# Work request:
Beginning at the line containing "K18 18金 YG イエローゴールド" in the material below and ending at the line containing "Salomon x Mission", return each line exactly and add nothing.

# Data excerpts:
┌──

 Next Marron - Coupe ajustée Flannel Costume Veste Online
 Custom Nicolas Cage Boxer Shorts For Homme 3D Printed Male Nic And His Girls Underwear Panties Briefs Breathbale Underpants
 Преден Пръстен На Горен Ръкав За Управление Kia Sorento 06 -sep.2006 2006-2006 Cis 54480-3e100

└──
┌──

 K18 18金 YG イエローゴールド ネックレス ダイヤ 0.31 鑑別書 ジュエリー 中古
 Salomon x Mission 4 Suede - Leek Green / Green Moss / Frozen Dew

└──

# Response to the task:
 K18 18金 YG イエローゴールド ネックレス ダイヤ 0.31 鑑別書 ジュエリー 中古
 Salomon x Mission 4 Suede - Leek Green / Green Moss / Frozen Dew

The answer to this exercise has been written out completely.